Amazon's Cloud Prices Slashed for the 19th Time


Amazon's Cloud Prices Slashed for the 19th Time

Bangalore: In 2006, Amazon started offering IT infrastructure services known as Amazon web Services (AWS) to businesses in the form of web services  now commonly known as cloud computing. Since then the company has cut AWS prices for the 19th time in six years in an attempt to shrug off competition from other key players like Microsoft Azure and Rackspace.

"AWS works hard to lower our costs so that we can pass those savings back to our customers," the company said in a blog post late Monday. "We look to reduce hardware costs, improve operational efficiencies, lower power consumption and innovate in many other areas of our business so we can be more efficient."

The company also mentioned that the initiative of cost cutting has resulted in a "significant price decrease" for Amazon's Elastic Compute Cloud (EC2), ElastiCache, Relational Database Service (RDS), and Elastic Map Reduce reports Chris Kanaracus in pcworld.com

The price reduction will vary depending on geographic region, with price for EC2 Reserved Instances dropping up to 37 percent and On-demand pricing will see a more modest cut of up to 10 percent. While Amazon, like other cloud infrastructure service providers, allows users to purchase computing power by the hour, it also offers Reserved Instances, wherein customers who opt paying for a longer fixed term in return get an advantage of lower pricing. Meanwhile, costs of new reserved Instances of Amazon RDS, which provides a scalable relational database powered by either MySQL or Oracle, will drop up to 42 percent.

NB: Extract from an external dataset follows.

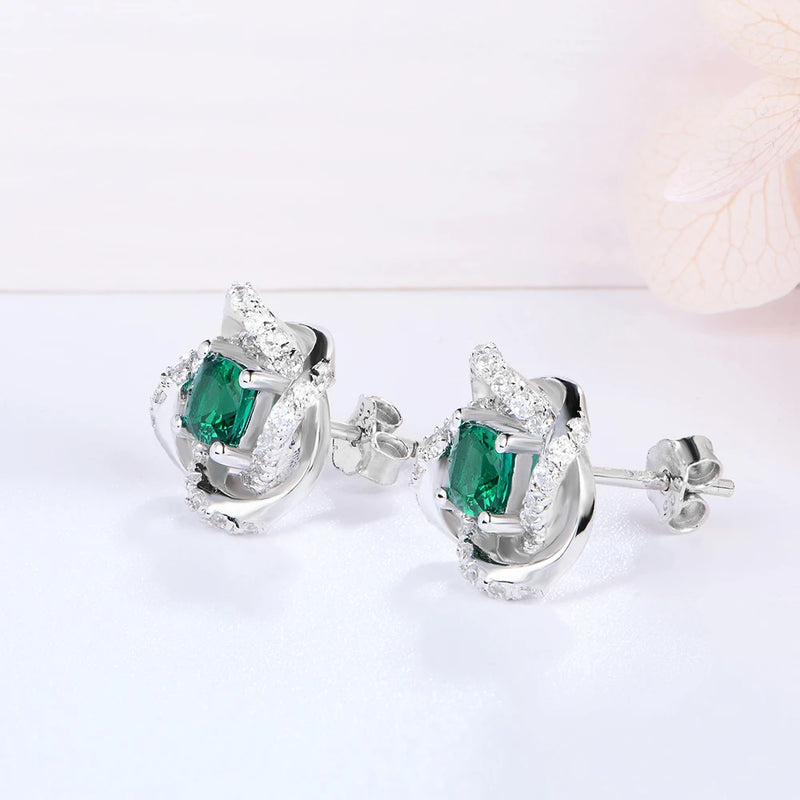 Sterling Silver Emerald Lab Grown Diamonds Ear Studs Cocktail Party Earrings Fine Jewelry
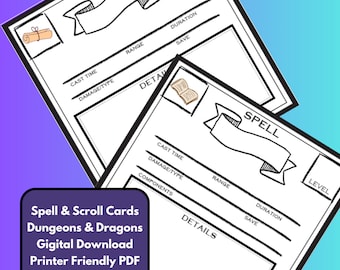 Spell & Scroll Cards DND - Printable PDF Digital Download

The company recently made an announcement targeting large enterprises  "One misperception we sometimes hear is that while EC2 is a phenomenal deal for smaller businesses, the cost benefit may diminish for large customers who achieve scale," the blog states. In fact, "those who take the time to rigorously run the numbers see significant cost advantages in using EC2 regardless of the size of their operations."

"In order to determine what tier you qualify for, you add up all of the upfront Reserved Instance payments for any Reserved Instances that you own," says the company. “If you own more than $250,000 of Reserved Instances, you qualify for a 10% discount on any additional Reserved Instances you buy (that discount applies to both the upfront and the usage prices). If you own more than $2 Million of Reserved Instances, you qualify for a 20% discount on any new Reserved Instances you buy."